EXERCISE DIRECTIONS
Leaving out the pictures, return word for word the stretch of entries below from the line holding "Staff Picks: National Espresso Day" through the line holding "Khi Trăng Ló Ra Sau Đỉnh Núi".

THE DATA
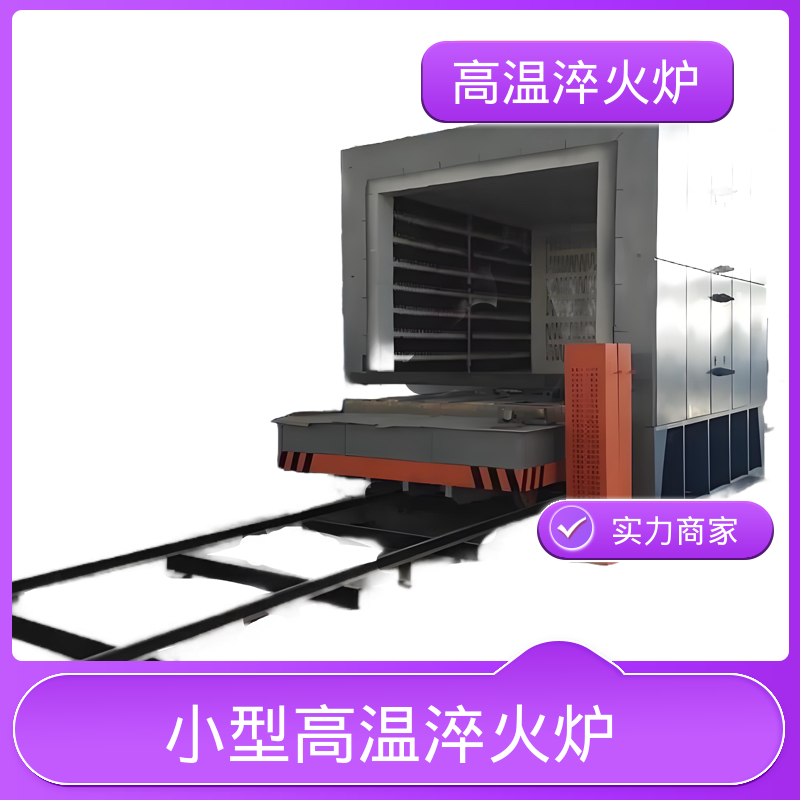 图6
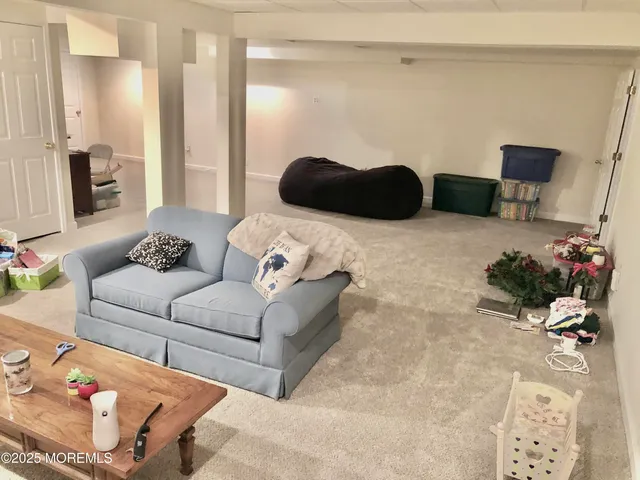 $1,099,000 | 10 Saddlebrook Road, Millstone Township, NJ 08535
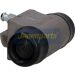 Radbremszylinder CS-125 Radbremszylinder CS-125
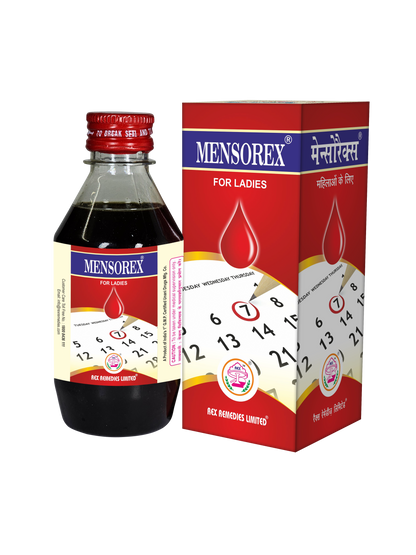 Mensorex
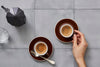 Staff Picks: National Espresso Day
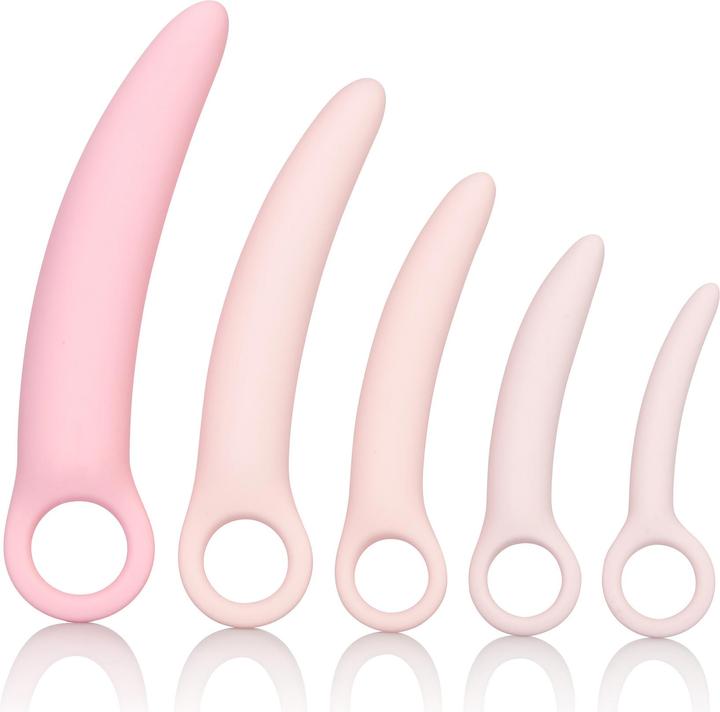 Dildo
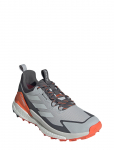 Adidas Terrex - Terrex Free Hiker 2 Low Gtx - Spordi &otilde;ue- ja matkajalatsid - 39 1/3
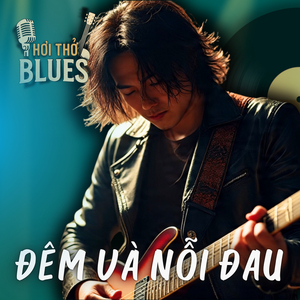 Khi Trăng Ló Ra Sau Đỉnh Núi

==

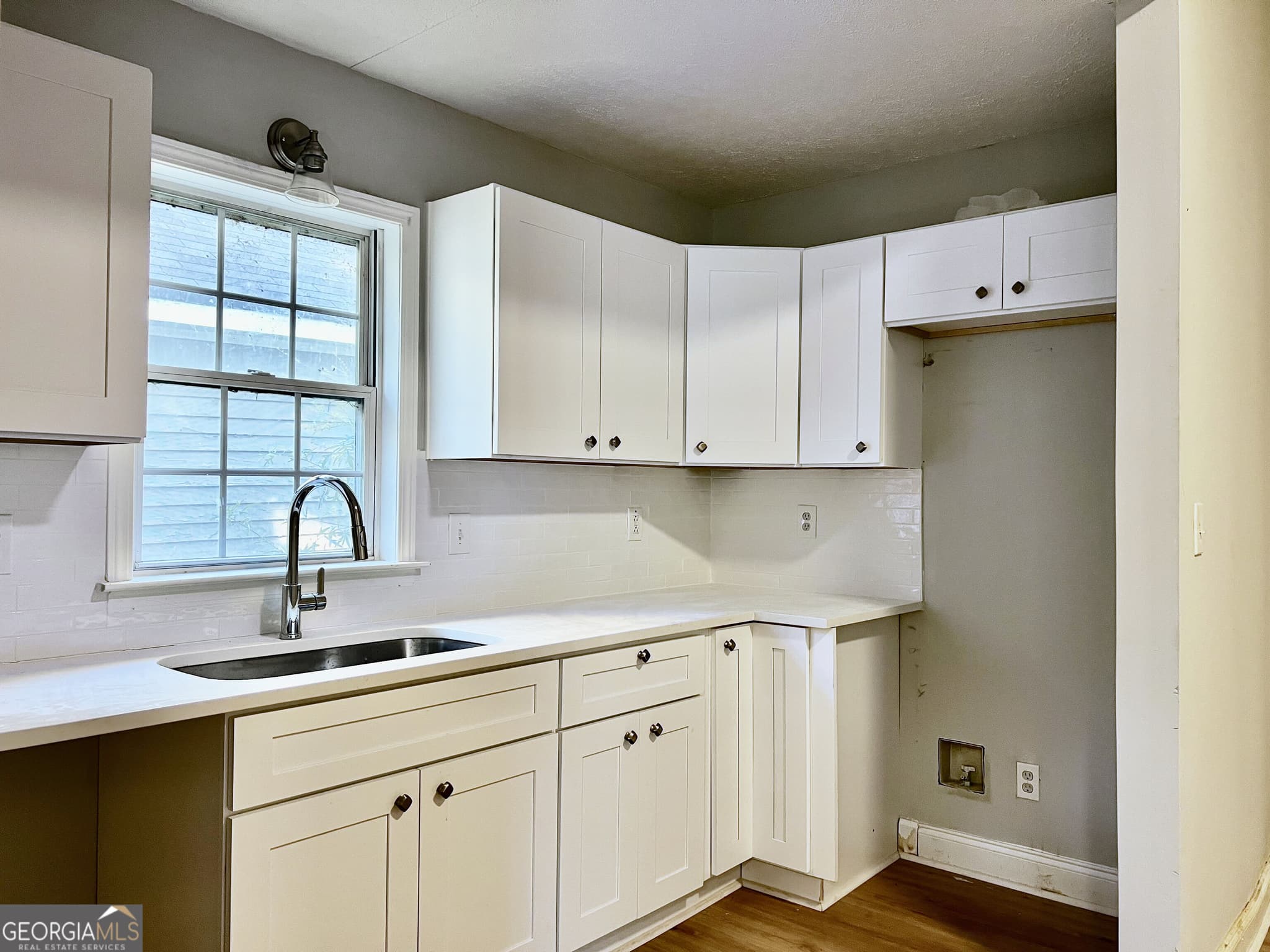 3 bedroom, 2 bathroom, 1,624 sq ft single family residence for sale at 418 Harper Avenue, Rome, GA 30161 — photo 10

RESULT FOR THIS TASK
 Staff Picks: National Espresso Day
 Dildo
 Adidas Terrex - Terrex Free Hiker 2 Low Gtx - Spordi &otilde;ue- ja matkajalatsid - 39 1/3
 Khi Trăng Ló Ra Sau Đỉnh Núi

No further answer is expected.